Por acaso já teve a maléfica experiência de deixar cair – rezo e reze também para que não – um vidro de café solúvel? Além do prejuízo, do vidro e seus cacos, claro, aquilo – aqueles grãozinhos – imediatamente se transformam ao contato do chão, mesmo o mais limpo e seco, os marrons se espalham, grudam e qualquer tentativa de contê-los é desgraça. Pano molhado? Nunca! Vassoura? Aquilo vai se espalhando por áreas não afetadas. Foi só um exemplo.
De vez em quando rola uns dias assim, meio esquisitos, que você sem querer derruba coisas. Se tem fé e o copo se despedaça, claro, já grita: “Eita. Que bom! Já dispersou uma energia ruim. Antes ele do que eu!”. Escorregou. Outro dia aconteceu com um prato de vidro com farofa na hora que abri a geladeira para pegar outra coisa que, sinceramente, não lembro até agora o que foi, porque os minutos seguintes foram de tentar ao menos diminuir o desastre, sem deixar nem a sujeira, nem pisar nos cacos de vidro que impressionantemente parece que querem conhecer também os outros cômodos da casa, se espalham e você ainda passa dias com problemas em andar descalço em toda a região. E era um restinho de uma farofa deliciosa. Será que foi o santo que quis?
Brincadeiras à parte, enquanto são coisas que escorregam de nossas mãos, até que tudo bem. O problema mesmo é quando o corpo inteiro desmancha. Aconteceu com um grande amigo que muitos conhecem. Teve um apagão – todos estão sujeitos igual aos sistemas infernais sermos desligados pelo cérebro em um segundo – caiu, quebrou e machucou todo seu lado direito, nunca mais voltou a andar e seus anos seguintes até a morte resultaram disso. Ele era grande, pesado e alto, caiu de si mesmo. Um outro teve os dois joelhos abalroados severamente.
Qualquer abalo pode nos levar ao chão – São Paulo sentiu o terremoto ocorrido lá no Chile na noite da última quinta, que sacudiu tudo, prédios e coisas no centro de São Paulo – sensação pra lá de ruim. Falando em fantasmas, por aqui, por causa desse tremor uma luminária comprida começou do nada a balançar. Vento não era. A gata que sempre acaba culpada por umas coisinhas nem estava ali por perto e correu assustada.
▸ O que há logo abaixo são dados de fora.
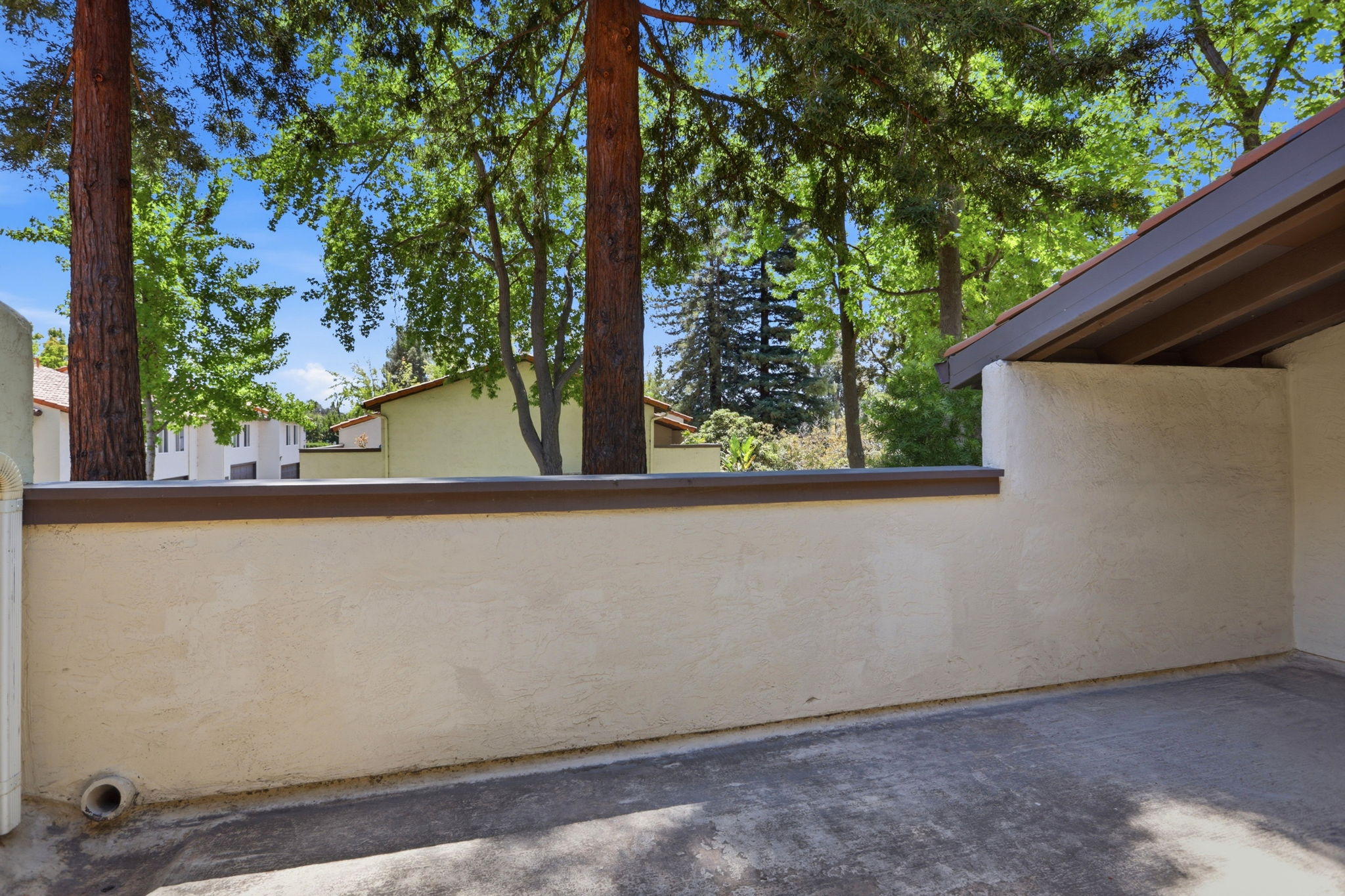 027_F8_2060 Briscoe Terrace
Como a gente é doido, não? Tentei não pensar, mas pensei: fantasmas? Espíritos? Deixa pra lá. Mas logo o noticiário informava o causador. Terremoto lá longe.
Dia seguinte, no caso, essa sexta, 19, acordar com a notícia de que uma pane global de sistemas afetava o mundo todo com um apagão nunca antes visto nas máquinas, vamos lá, admitam, foi bem punk. Uma atualização de sistema deu errado, afirmou a empresa americana terceirizada da Microsoft, a CrowdStrike, de segurança(!) cibernética. Imediatamente suas ações caíram, e ela perdeu alguns bilhões de dólares. O prejuízo causado pelas paralisações ainda, que eu saiba, não foi estimado, se é que dá para ser calculado – impactou tudo, companhias aéreas, bancos, hospitais, a geral que usa o tal sistema. Em todos, apareceu a tal “tela azul da morte” que caracteriza o bug. Enquanto escrevo a situação ainda não se normalizou horas depois. Aqui, sozinha, outra semana quase enlouqueci com uma mudança de sistema no site.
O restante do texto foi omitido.